Freelance contract checklist: 12 must-have clauses

If your freelance contract is missing any of these clauses, you're underwriting your client's risk for free.

Freelance · 8 min read · Updated 2026-05-05

After ten years of reviewing freelance contracts the pattern is brutal: the same five missing clauses cause the same five disputes. This checklist covers the twelve clauses every freelance contract should include in 2026.

1. Scope of work

Spell out exactly what you will deliver. Vague scope is the leading cause of scope creep and unpaid hours.

2. Payment terms

Fixed, hourly or milestone — pick one and define it. Specify currency, invoice cadence and due dates.

3. Deposit or kill fee

A 30–50% deposit protects you from buyer's remorse. A kill fee compensates you if the client cancels mid-project.

4. Late payment fees

A simple 1.5% monthly late fee is standard — and it dramatically improves on-time payment rates.

5. IP ownership

Default to assigning IP to the client only on full payment. This gives you leverage if invoices go unpaid.

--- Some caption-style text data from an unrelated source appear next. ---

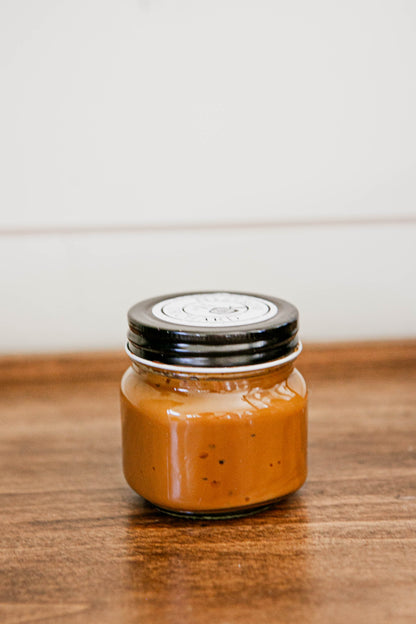 8 oz jar salted caramel with a black lid on a wooden surface. Made in the kitchen of Nystrom Orchard in Worthington Minnesota.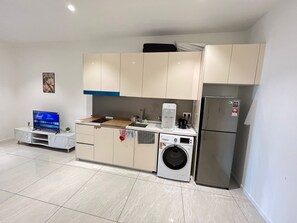 Une cuisine compacte équipée d’un lave-linge, d’un réfrigérateur et d’un téléviseur, le tout installé sur un meuble en marbre.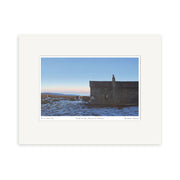 Grahame Sydney - Dusk at Shearers Kitchen Small Art Print: A solitary stone building in snowy open land at sunset, with warm light on the horizon and figures near the structure, evoking the artists signature style.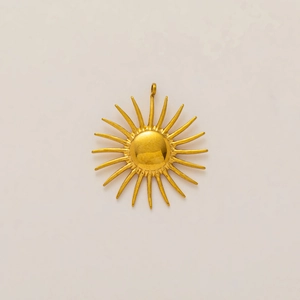 Detalle macro del colgante de sol de acero bañado en oro 18K con domo central liso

6. Revisions and out-of-scope work

Define included revisions (e.g. two rounds) and how additional work is billed (typically at an hourly rate).

7. Termination clause

Either party can terminate with notice. You get paid for work completed up to termination.

8. Confidentiality

A short confidentiality clause is enough for most engagements. For sensitive work, layer a separate NDA.

9. Independent contractor status

State explicitly that you are an independent contractor, not an employee. This protects both sides on tax and benefits.

10. Limitation of liability

Cap your liability at the fees paid for the project. Without this clause your downside is unlimited.

11. Governing law and disputes

Choose your home jurisdiction. Add an optional mediation step before litigation.

12. Signature blocks with date

Both parties sign and date. Use an e-signature tool with a tamper-evident audit trail.